■ **Problem requirements**
Within the records below is a range that opens at the line with "Flower Bouquet Blütenfreude" and closes at the line with "Hortensien mit Ilex". Return that range word for word, both ends included, and only that range.

■ **Data for this exercise**
-*-

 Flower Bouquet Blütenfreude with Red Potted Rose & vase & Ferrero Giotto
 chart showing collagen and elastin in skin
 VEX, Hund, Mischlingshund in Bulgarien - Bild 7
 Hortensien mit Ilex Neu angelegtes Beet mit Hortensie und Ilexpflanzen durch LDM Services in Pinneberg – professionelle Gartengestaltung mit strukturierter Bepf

-*-

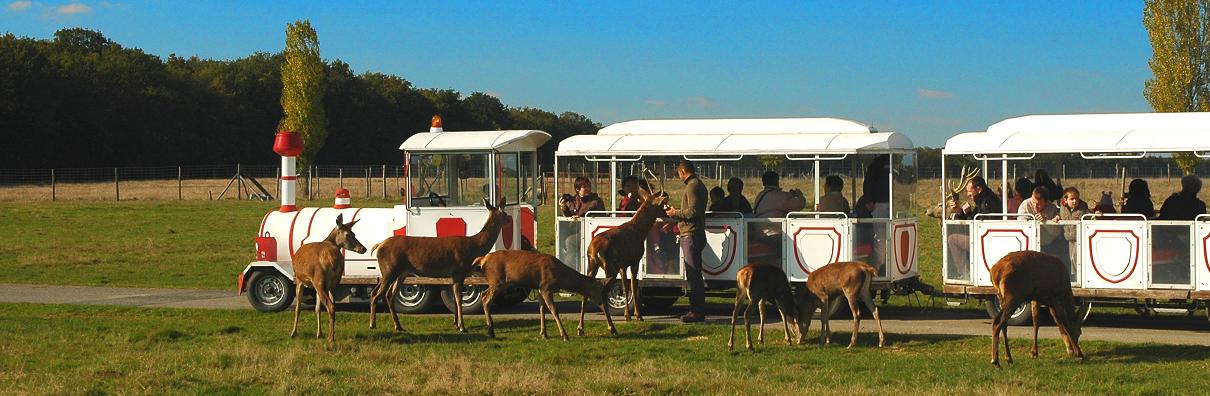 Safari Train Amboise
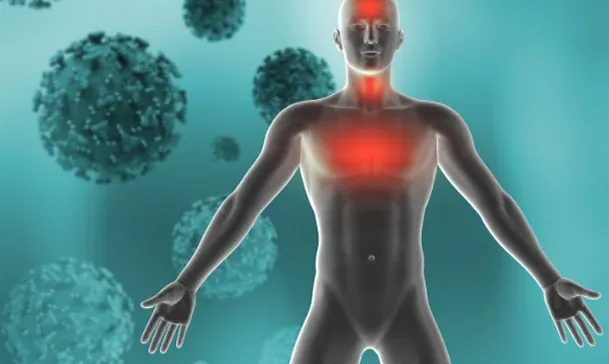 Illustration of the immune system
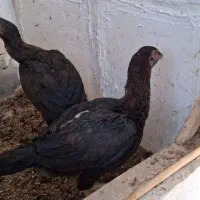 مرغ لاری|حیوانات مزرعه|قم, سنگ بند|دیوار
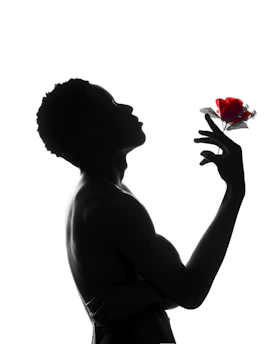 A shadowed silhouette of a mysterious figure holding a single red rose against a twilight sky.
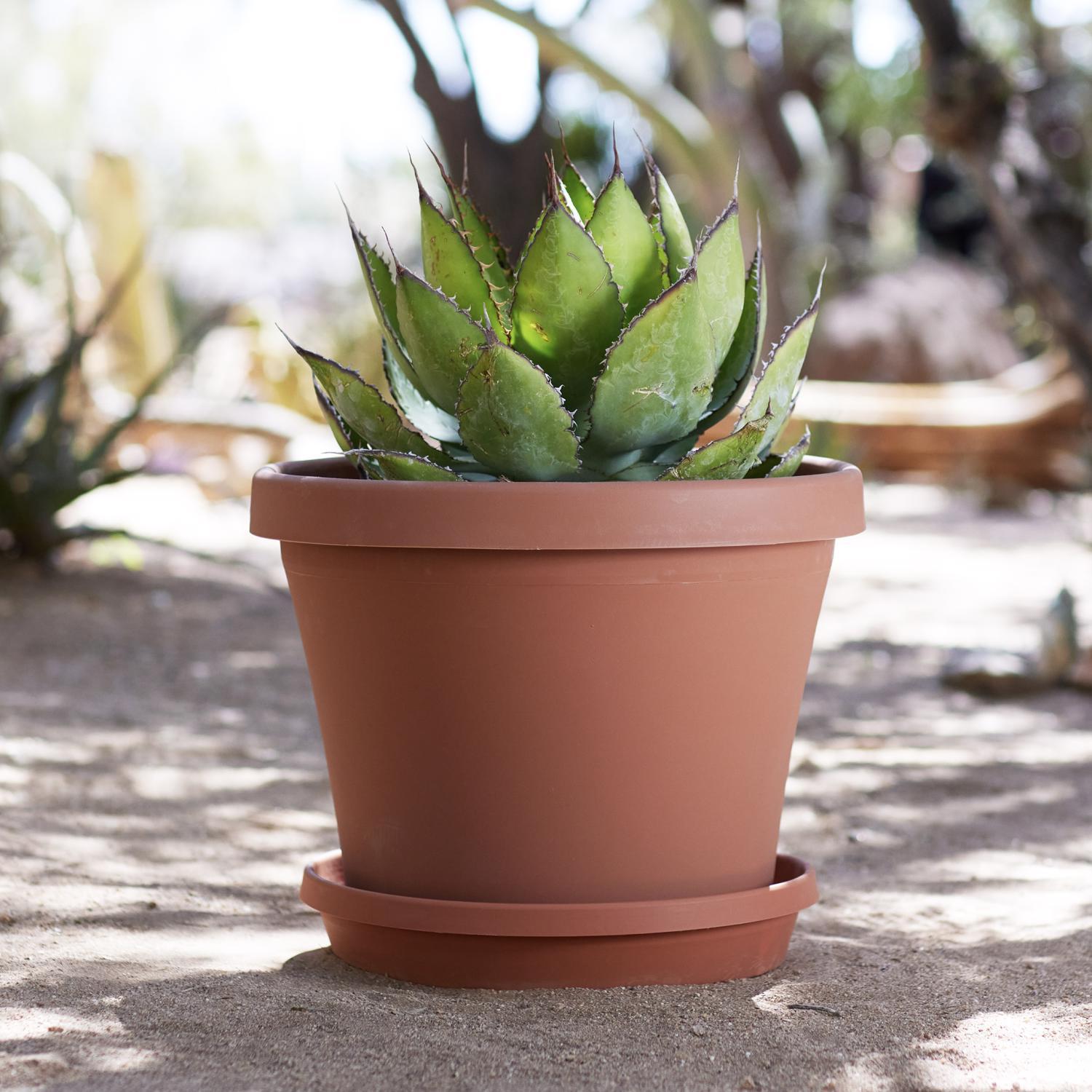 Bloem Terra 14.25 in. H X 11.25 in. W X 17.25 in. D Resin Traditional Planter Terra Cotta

-*-

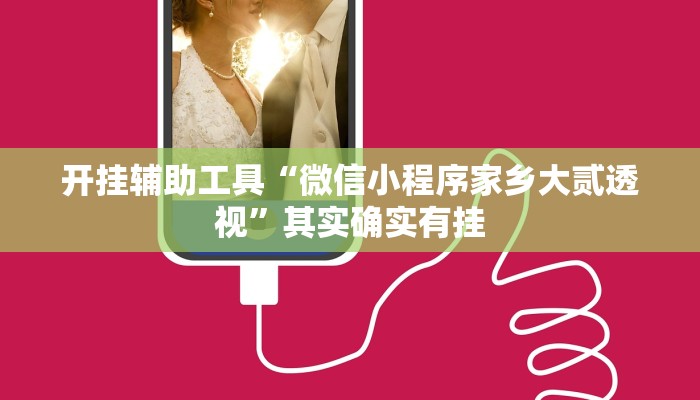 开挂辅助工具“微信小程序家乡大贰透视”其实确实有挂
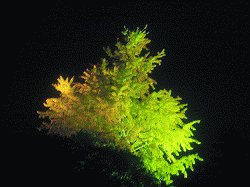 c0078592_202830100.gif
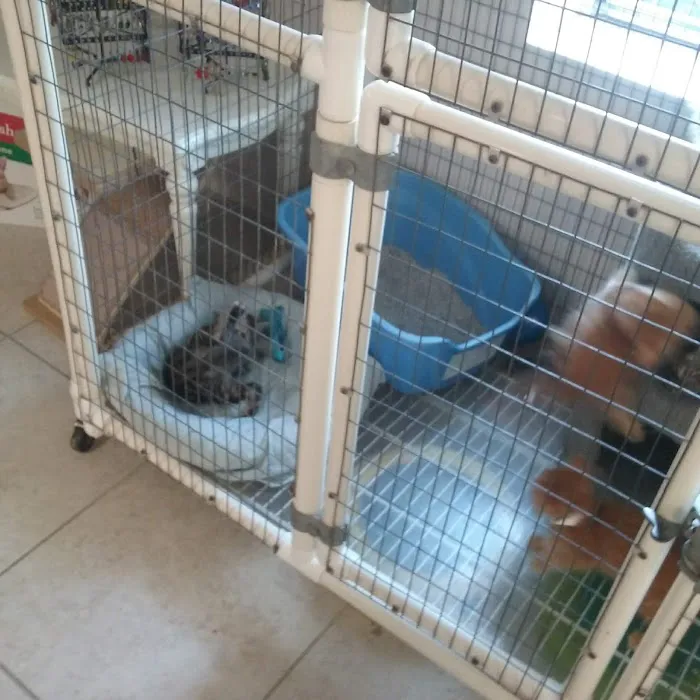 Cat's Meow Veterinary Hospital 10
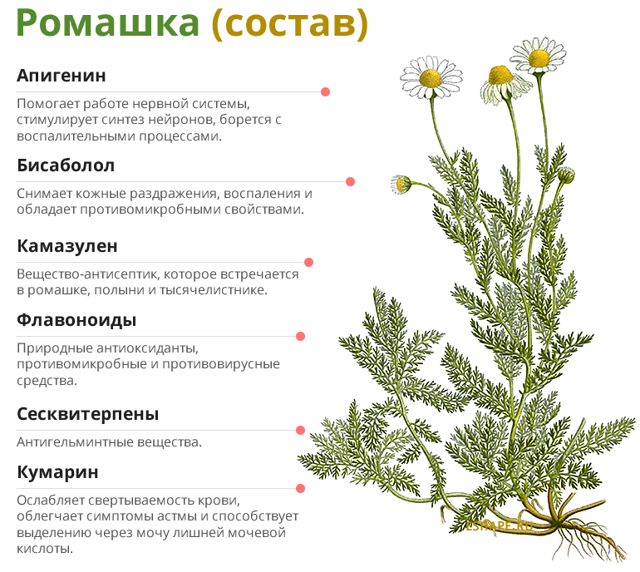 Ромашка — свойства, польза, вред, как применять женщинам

-*-

■ **Expected output**
 Flower Bouquet Blütenfreude with Red Potted Rose & vase & Ferrero Giotto
 chart showing collagen and elastin in skin
 VEX, Hund, Mischlingshund in Bulgarien - Bild 7
 Hortensien mit Ilex Neu angelegtes Beet mit Hortensie und Ilexpflanzen durch LDM Services in Pinneberg – professionelle Gartengestaltung mit strukturierter Bepf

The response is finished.